| 要旨トップ | 目次 | 日本生態学会第57回全国大会 (2010年3月,東京) 講演要旨


一般講演(ポスター発表) P2-090

熱帯樹木の葉の機能的性質とその系統的制約

*黒川紘子,片渕正紀(東北大学・生命科学),永益英敏(京大・博物館),饗庭正寛(北大・フィールド科学),中静透(東北大・生命科学)

植物の生活史戦略にはトレードオフが存在する。例えば成長の速い植物の葉は、高い光合成速度に関連する高い窒素濃度や低いLMA(葉重量/葉面積)を持ち、寿命が短い傾向にある。また、寿命の短い葉に対して多くの防衛投資を行う必要がないため、一般に葉のフェノール性物質(防衛物質の一種)濃度が低い。一方、成長の遅い植物の葉は逆の性質をもつ。このような種間における機能的性質のトレードオフは、系統関係に影響されるのだろうか?また、低窒素、高LMA, 高フェノール性物質は被食者や分解者に利用されにくい性質であるが、これらはある生物・非生物的環境に対して同じように進化してきたのだろうか?これらの問いに答えるため、マレーシア・サラワク州の熱帯雨林におけるいくつかの地点でランダムにサンプルした約250樹種を用い、葉の性質(フェノール性物質として総フェノール・縮合タンニン・リグニン;炭素;窒素;LMA)間の関係と、各性質の進化のしやすさを検討した。

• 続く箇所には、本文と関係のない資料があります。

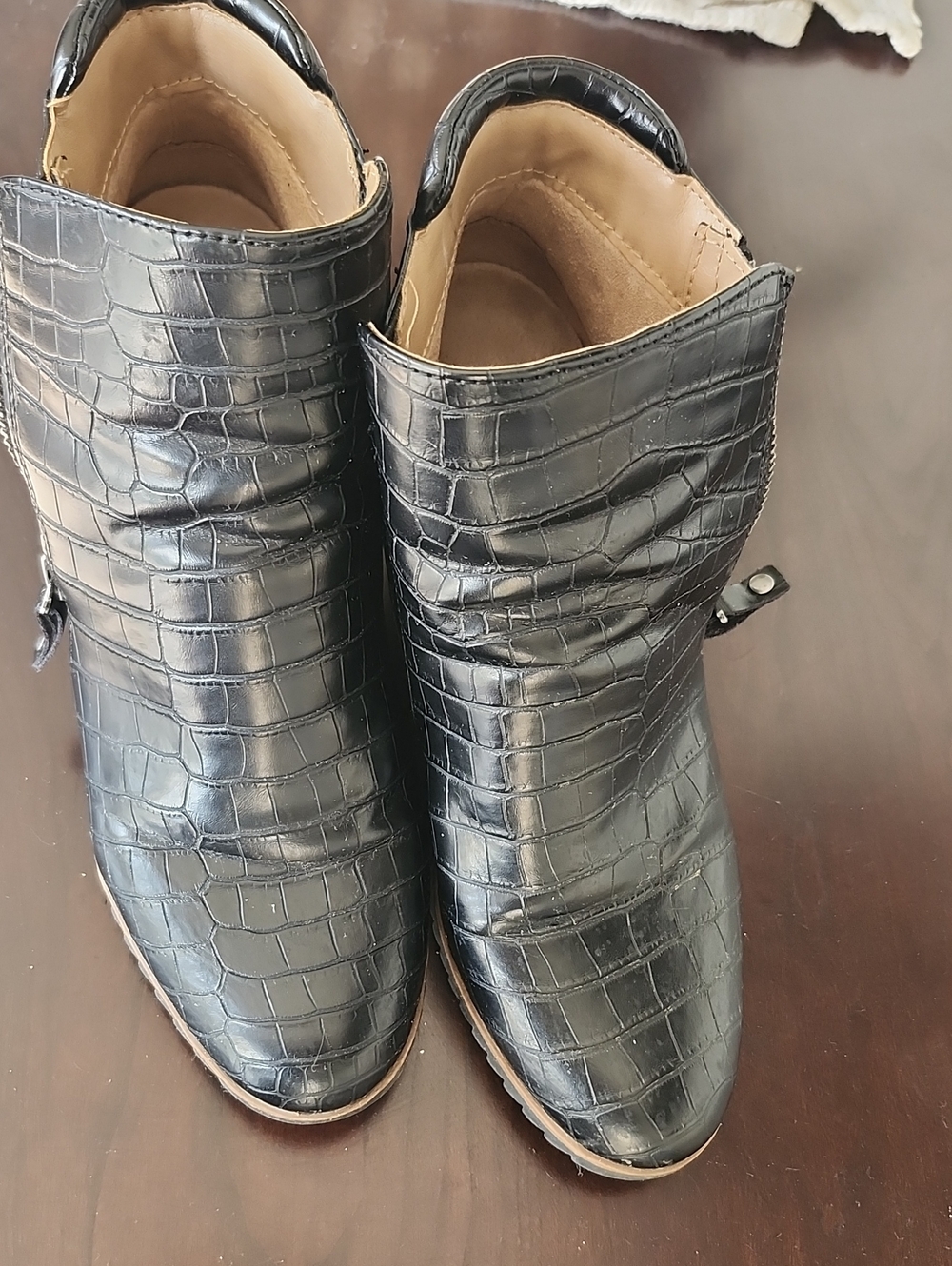 SOUL Naturalizer Black Croc-Embossed Wedge Ankle Boots - Picture 9 of 15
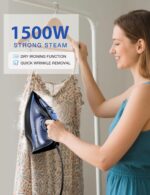 Sundu Steam Iron for Clothes with Rapid Heating Ceramic Coated Soleplate, 1500W with Precise Thermostat Dial, Self-Cleaning, Auto-Off, 15.21oz Water Tank for Home Clothes Ironing Use, Blue - Image 7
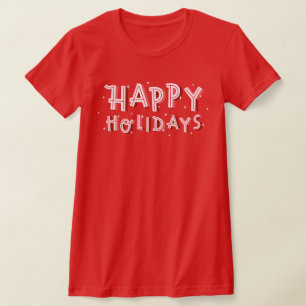 Glad helg text vit på röd t shirt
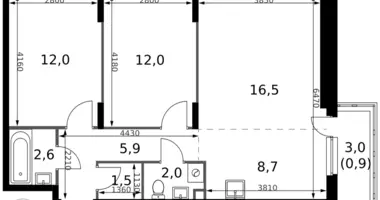 3 room apartment in Sapronovo, Russia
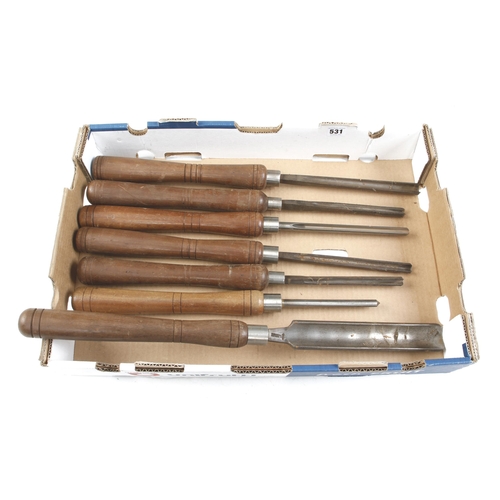 531 - A set of 7 large turning tools with matching handles G++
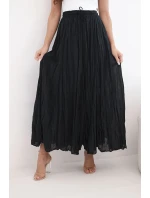 Dámská maxi bavlněná sukně s gumičkou v pase černá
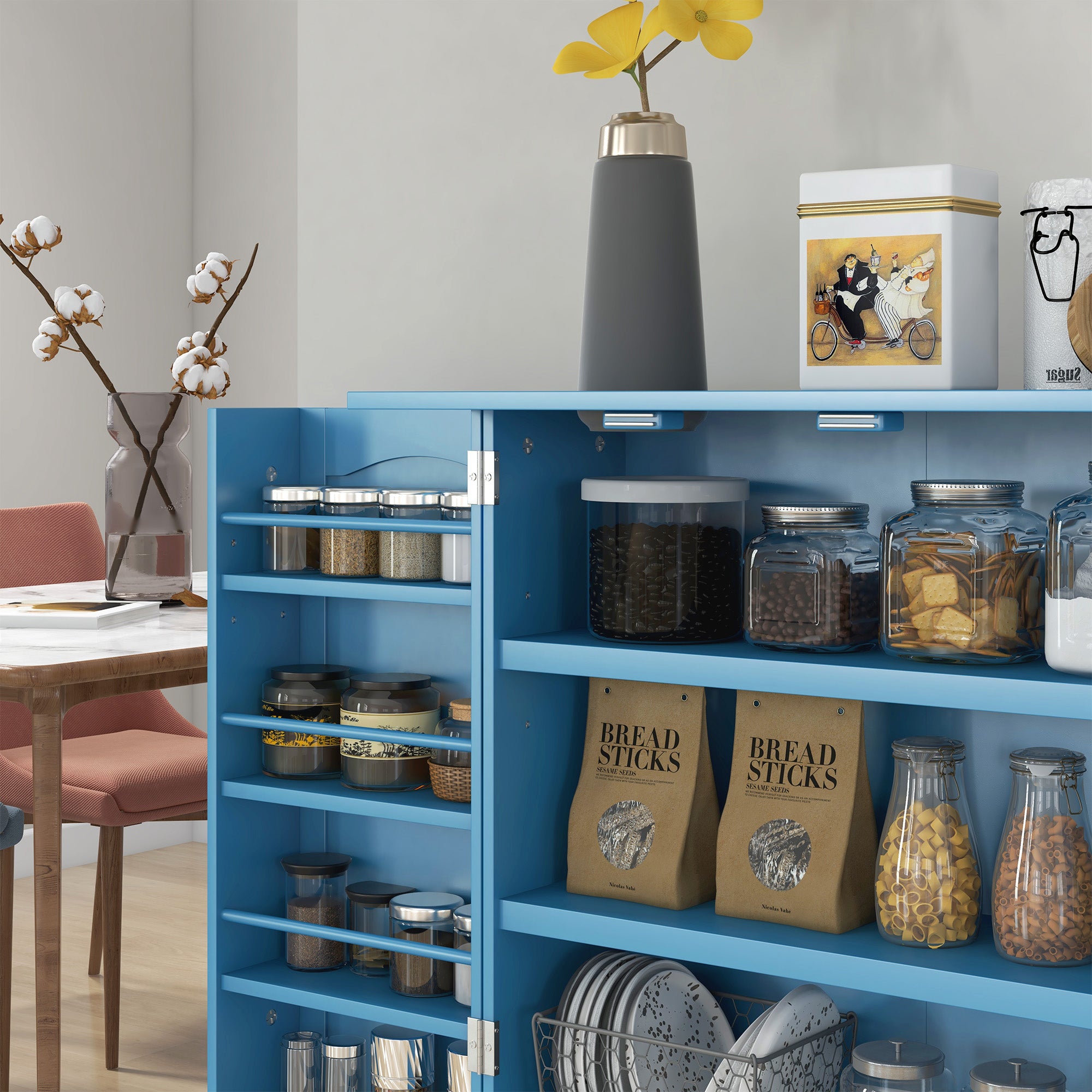 Freestanding Kitchen Pantry Cabinet, Kitchen Cabinet with 12 Door Shelves, Double Doors, 5-tier Shelving, Blue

各性質は種間で大きくばらついた。主成分分析の結果、主成分1は総フェノール濃度、LMAと正の関係、主成分2は窒素濃度と負の関係、主成分3はリグニン濃度と正の関係にあり、性質のばらつきをそれぞれ38.3%、19.1%、17.2%説明した。系統関係を考慮して同解析を行っても結果は殆ど変わらなかった。つまり、これらの性質間の関係は系統関係に影響を受けにくいと考えられた。次に、各性質が種の多様化の過程でどの程度変化しやすいかを計算した結果、総フェノール、炭素、窒素濃度は比較的形質が変化しにくい(保守的)と示唆された。これらの結果から、フェノール性物質の進化について考察する。